→ **What the task asks**
The output must be the data, printed exactly as written.

→ **Data excerpt**
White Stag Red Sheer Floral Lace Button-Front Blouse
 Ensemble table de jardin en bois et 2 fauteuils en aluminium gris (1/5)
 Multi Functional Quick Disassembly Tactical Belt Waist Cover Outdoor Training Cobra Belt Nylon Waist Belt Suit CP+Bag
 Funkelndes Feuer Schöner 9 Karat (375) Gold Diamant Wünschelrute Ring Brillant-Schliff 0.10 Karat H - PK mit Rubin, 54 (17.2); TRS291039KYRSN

→ **Worked solution**
White Stag Red Sheer Floral Lace Button-Front Blouse
 Ensemble table de jardin en bois et 2 fauteuils en aluminium gris (1/5)
 Multi Functional Quick Disassembly Tactical Belt Waist Cover Outdoor Training Cobra Belt Nylon Waist Belt Suit CP+Bag
 Funkelndes Feuer Schöner 9 Karat (375) Gold Diamant Wünschelrute Ring Brillant-Schliff 0.10 Karat H - PK mit Rubin, 54 (17.2); TRS291039KYRSN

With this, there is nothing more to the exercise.